Because of the position of Ethiopia in the Bible story as one remarkable black nation with ancient history, it becomes almost impossible to see any other nation as being of more ancient than Ethiopia. Ethiopia suddenly became the yardstick for the analysis of the Negro race. And with the influence of Christianity in the inner part of Africa, the adherents were provided with bold pictures of the cradle of the human race. Ethiopia became seemingly hallowed, glorious and heaven-like-home to the listeners. We had the same idea as children. In this sense, Ethiopia became the most desired place to visit. Those glory became somewhat watered down when findings began to become clearer about the origin of Ethiopia. Ethiopia no longer appears like a people that grew from the ground like grasses to form the beginning of the human race. The excerpt by Count Volney above reflects and attempted to re-enact the nature of the ancient glory which Ethiopia had in the time past.

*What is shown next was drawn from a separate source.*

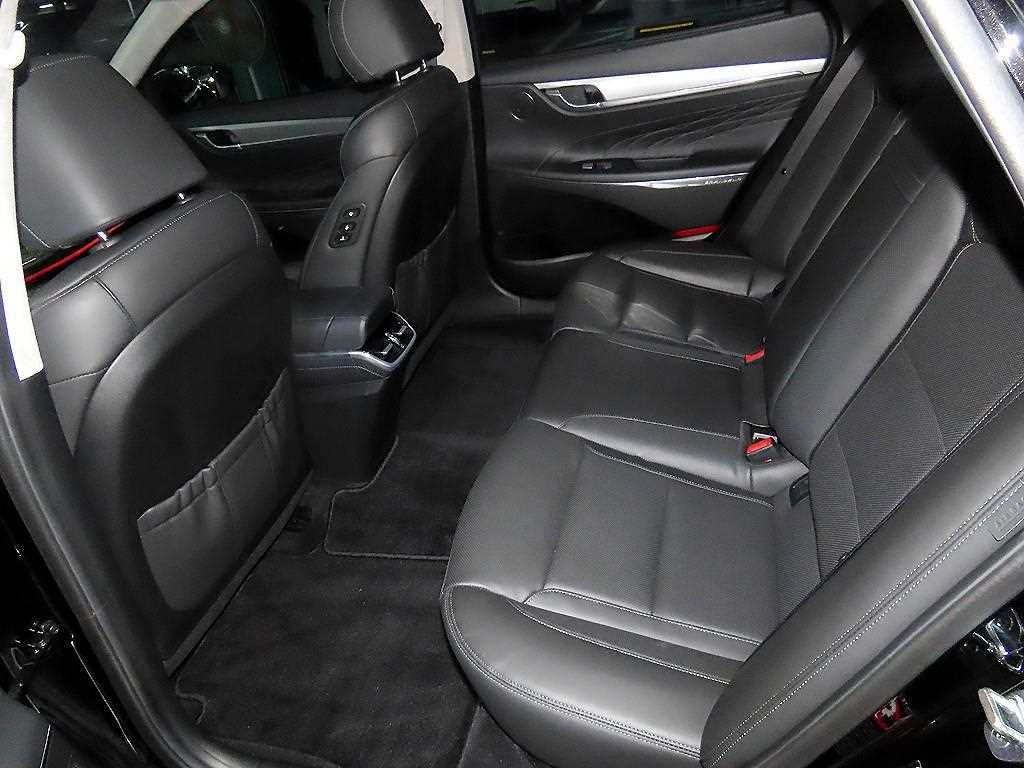 HYUNDAI Grandeur - Vista 9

Ethiopia was the first African nation to have an empress. The involvement of a woman leader as empress or queen appeared to create certain impression about their belonging to the African cultural tradition. Africa in the early time gave no recognition to female leadership. But this diversification of leadership instead attempted to show Ethiopia contributions to the global civilization and Africa as well. It is beyond question to ask whether Ethiopians were Blacks seeing their skin which is ostensible. No nation of the world had Blacks without having encountered Africans in the past. Colour then aided immensely in deciding who was African and who was not, it doesn’t matter the part of the world the people concerned may have found themselves. By that we may assert without recourse to any faculty that Ethiopia had been, was and are Africans. J.G. Jackson noted thus:
Now that we have straightened out ourselves on the issue of the classification of races, we may properly turn to the main subject matter of this essay, i.e., the ancient Ethiopians and their widespread influence on the early history of civilization. In discussing the origin of civilization in the ancient Near East, Professor Charles Seignobos in his History of Ancient Civilization, notes that the first civilized inhabitants of the Nile and Tigris- Euphrates valleys, were a dark-skinned people with short hair and prominent lips; and that they are referred to by some scholars as Cushites (Ethiopians).
Regurgitating this nature of glory and adornment ascribed to the ancient Ethiopia as the cradle of the human society, especially Africa, the summary becomes not difficult to pinpoint that all African nation originated from here. For as the western historians had esteemed Ethiopia; associating the inhabitants as having originated from the direct trace of Noah’s family, Ethiopia appeared before people eyes as the point from where Africa as a people should be defined. Our discussion of Ethiopia here shall cut across the various research works kept about Ethiopia. We shall concentrate attention on what the oral tradition says; not the succinct history adopted by the White race who would or may have undermined what Africa had said about herself.  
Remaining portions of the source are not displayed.